Durch geeignete Turbinenmotoren lassen sich auf kleinstem Bauraum und bei geringem Gewicht hohe Antriebsleistungen erreichen. Bei einem Maschinengewicht von unter zwei Kilogramm lassen sich hier bis zu vier Kilowatt Leistung umsetzen. DEPRAG-Turbinen finden bisher beispielsweise Anwendung in handgeführten Druckluftschleifmaschinen.

Diese Eigenschaften – geringes Gewicht und hohe Leistung – machen den DEPRAG-Turbinenmotor für den Einsatz im PYROTAK-Notfall-Türsystem interessant. Die Ingenieure der DEPRAG arbeiten nun mit Hochdruck an dem ehrgeizigen Projekt, einen pyrotechnisch gezündeten Gasmotor mit Untersetzungsgetriebe zu entwickeln, der sein Drehmoment direkt am Antrieb der Türöffnung entfalten soll.

Zu guter Letzt übernimmt das bayerische Unternehmen ELEKTRO-METALL aus Ingolstadt die konstruktive Integration der Aktuator-Einheit.
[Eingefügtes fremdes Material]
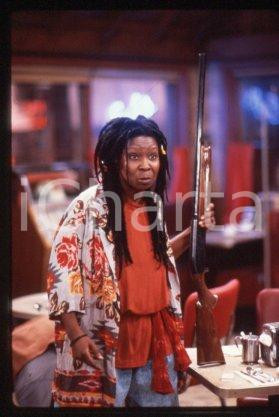 35mm vintage slide*1987 CINEMA "Bagdad Cafe" Marianne SAGEBRECHT, Cch POUNDER/15  Diapositiva d'epoca, in formato 35 mm.CONDIZIONI: GOODE' severamente vietata la riproduzione. Tutti i diritti sono riservati.Nella diapositiva ICharta mette in vendita, sul negozio eBay e in esclusiva sul sito "icharta" il proprio archivio composto da numerose diapositive e negativi fotografici d'epoca, tutti originali e autentici, che attraversano la storia del costume italiano tra gli la fine degli anni Sessanta e Novanta.Si tratta di uno sguardo inedito sull'attualit&agrave;, la politica, la vita quotidiana, il gossip e la cultura, che fotografa il cambiamento della nazione in quest'ultimo scorcio del XX secolo. Un'occasione unica per il mercato del collezionismo, che vede finalmente disponibile un archivio eccezionale per vastit&agrave;, tematiche e condizioni, in un settore (il negativo fotografico e la diapositiva) di assoluta novit&agrave; e dalle interessanti prospettive di investimento. GOOD/buono   originale e autentica 1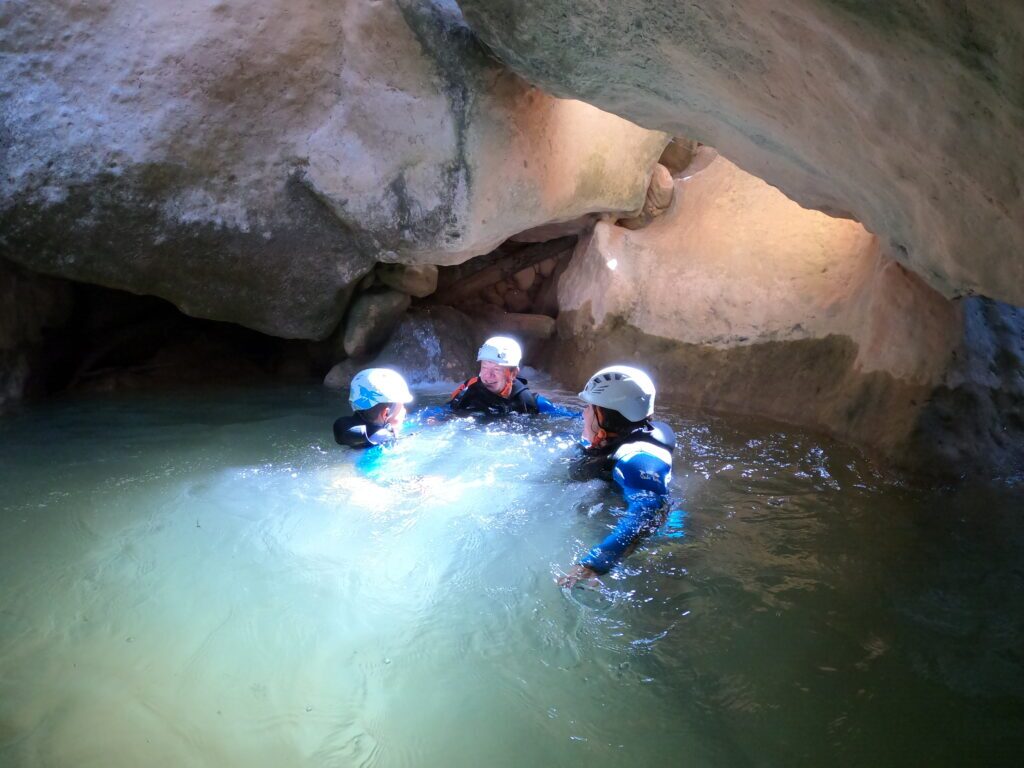 Barranc Foscos d'Aiguadora al Solsonès amb guia professional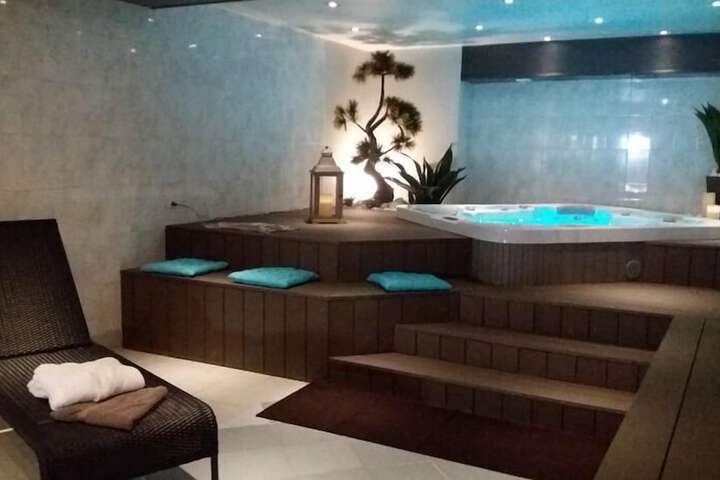 Spa 43 of 53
Mit dem wartungsarmen, zuverlässigen und gewichtsreduzierten Notöffnungssystem PYROTAK sieht das Forschungskonsortium die Chance, in einem expandierenden Markt die Führungsrolle zu behaupten. Flugzeughersteller werden in Zukunft ihre Kostensituation immer mehr dadurch verbessern, dass sie komplexe Systeme an bevorzugte Lieferanten vergeben. So ist zu erwarten, dass schon bei der Ausschreibung der Flugzeugtüren das Notsystem, die Türüberwachung und Notrutsche Bestandteil eines „Gesamtpaketes“ sein werden. Mit zukunftsweisenden Technologien wie PYROTAK könnten nicht nur die Eurocopter Deutschland GmbH, sondern auch die beteiligten Industriepartner Marktanteile sichern und ausbauen.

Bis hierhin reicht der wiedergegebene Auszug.